= Pinacocyte =

Flat cell found in sponges

Pinacocytes are flattened cells that cover the external surface and line portions of the internal canal system of sponges. Pinacocytes are key to protect and maintain the structure of the sponge, as well play a critical role in signaling, contraction, phagocytosis, and regulation of water flow. Pinacocytes can be broken down into three main types. Exopinacocytes found on the other surface, endopinacytes which line internal canals, and basipinacocytes which are key for contraction.

==Structure and Morphology==
Pinacocytes are thin, flattened cells whose unique morphology and structure allow them to form a protective layer along sponge surfaces similar to epithelia in vertebrates. Depending on location of the pinacocytes their structure can change.
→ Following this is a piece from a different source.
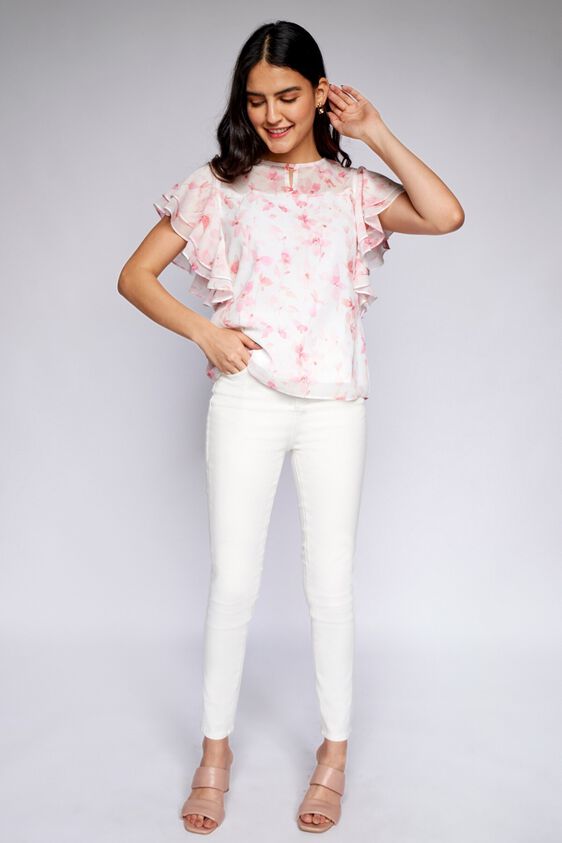 2 - White Floral Blouson Top, image 2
--Insert Pictures of each type--

==Function==
Pinacocytes are part of the epithelium in sponges. Pinacocytes contribute to several physiological processes in sponges, including contraction, signaling, phagocytosis, and regulation of the internal environment. Pinacocytes can coordinate contraction to alter the diameter of canals and help expel water from the sponge. Pinacocytes form the outer cell boundary enclosing the mesohyl which is a gel like substance that helps maintain the shape and structure of the sponge.

==Types of Pinacocytes==
Pinacocytes are classified into different types according to their location and role within the sponge body. Types include: Basipinacocytes, Exopinacocytes, and Endopinacocytes

=== Basipinacocytes ===
These are the cells in contact with the sponge's substrate (the surface to which it is attached).
=== Exopinacocytes ===
These are found on the exterior of the sponge. Exopinococytes produce spicules which is a needle like process that serves as structure for the organism.

=== Endopinacocytes ===
These line the sponge's interior canals.

==Development and Differentiation==
Pinacocytes arise through cellular differentiation from stem and progenitor cells and are part of sponges’ cell renewal process.

==Evolutionary Significance==
The characteristics of pinacocytes have made them a target for investigating the evolutionary steps modern day epithelia has been through.